Dr. Kozyrskyj and first author Liane Kang showed that infants have three times lower levels of Immunoglobulin A, or sigA (an immune antibody in infant’s gut), if their mothers experienced stress during and after pregnancy. When mothers experienced distress only during pregnancy, infants had lower sIgA levels than infants whose mothers were not distressed.

Another CHILD research finding was featured in June 2018 by UNICEF UK, as part of its Baby Friendly Initiative, which seeks to “enable public services to better support families with feeding and … ensuring that all babies get the best possible start in life.”

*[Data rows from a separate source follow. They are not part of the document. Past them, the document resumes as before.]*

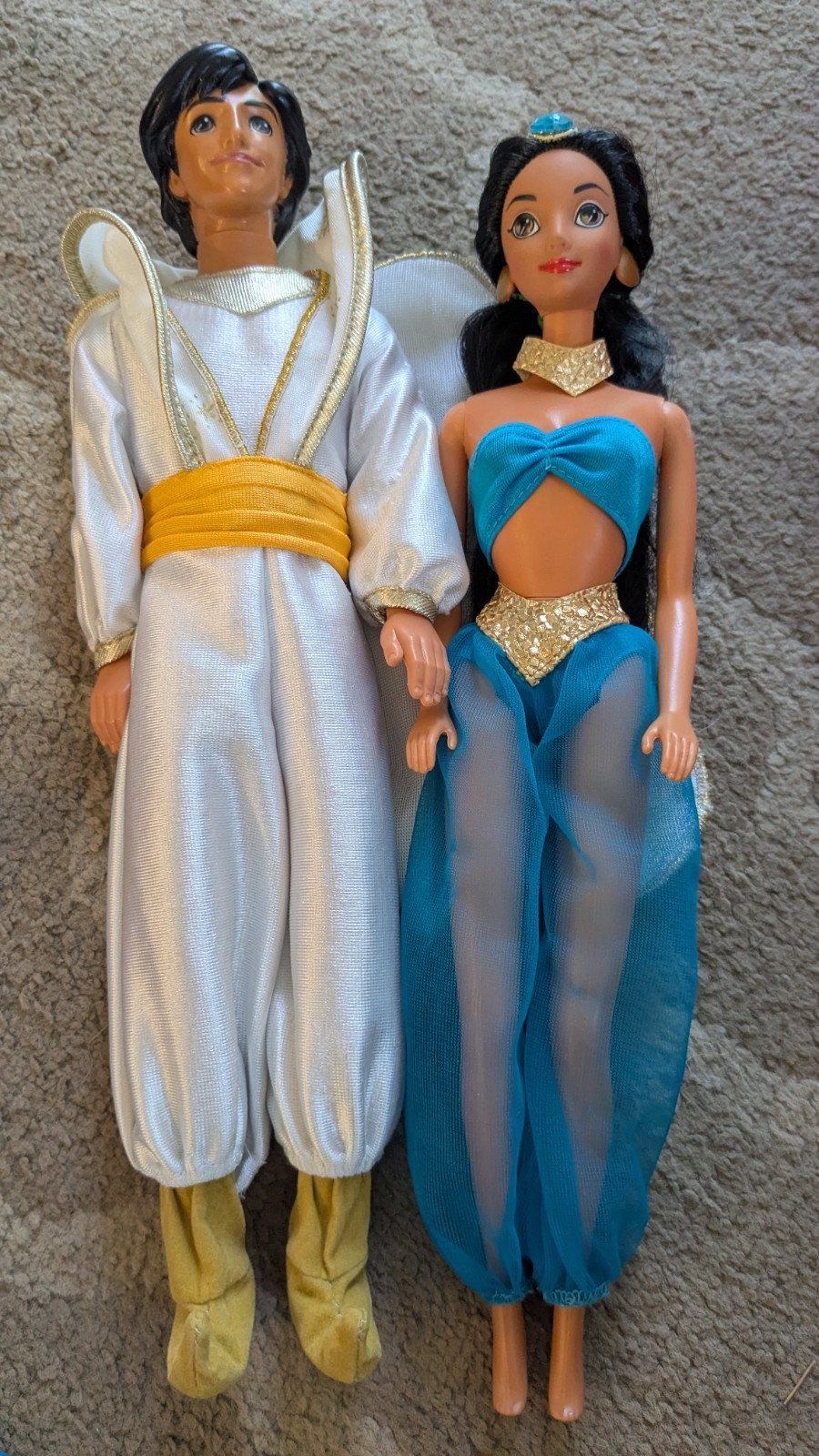Vintage 1992 Disney Classics Jasmine Doll #2557 & Aladdin Mattel w/clothes Set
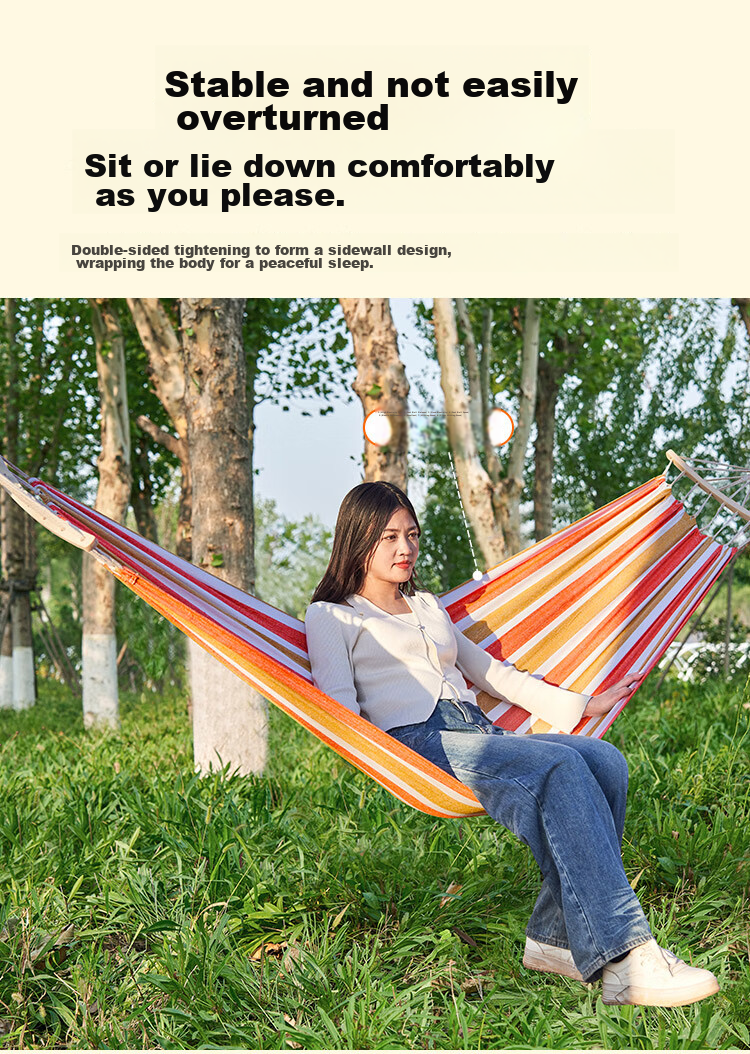Suncojia Outdoor Hammock, Camping Beach Swing, Wooden Pole Anti-Rollover Hanging Chair, Widened Single Dormitory Hanging Basket 3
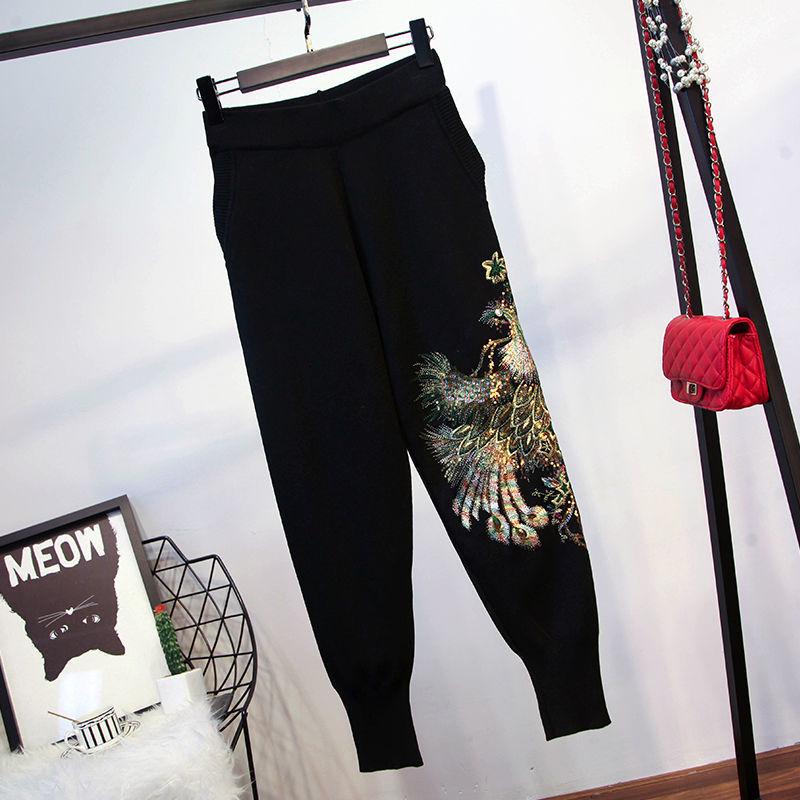 Женский велюровый комплект из двух предметов большого размера с пайетками в виде павлина - Модный костюм с длинным рукавом для осени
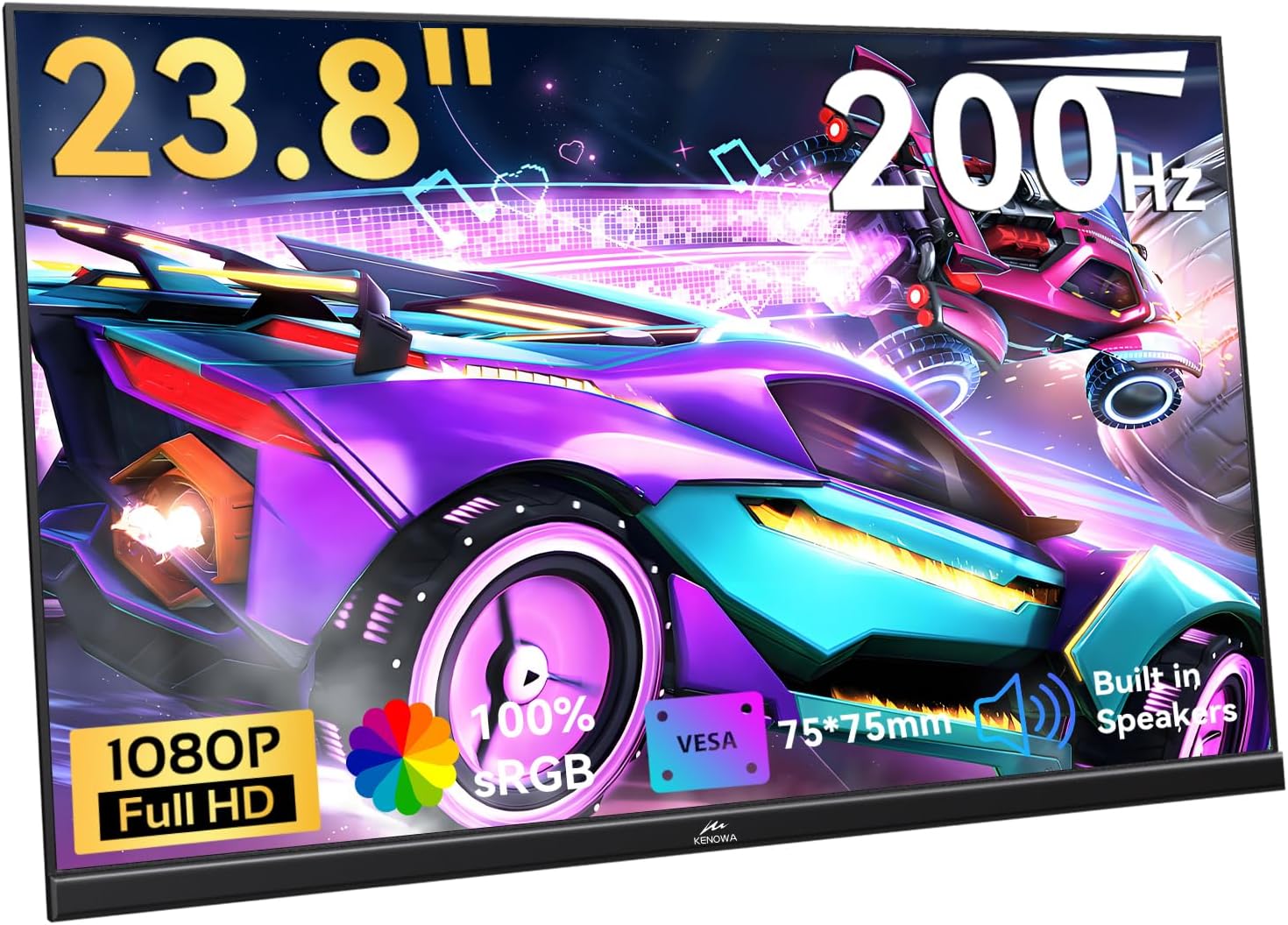 Front view of Kenowa 23.8 inch portable monitor displaying vibrant graphics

The research, published in June 2018 in JAMA Pediatrics, showed that exclusive breastfeeding in early infancy—the first three months—protects babies from becoming overweight by age one. The researchers believe this association is partially explained by the influence of breastfeeding on the infant gut microbiome.

“These results suggest that improved programs and policies to support exclusive breastfeeding could have a meaningful impact on infant health,” says co-author Dr. Meghan Azad (University of Manitoba) in a press release.

UNICEF UK highlighted this finding alongside other relevant research on a page of its Baby Friendly Initiative website focusing on overweight and obesity in infants.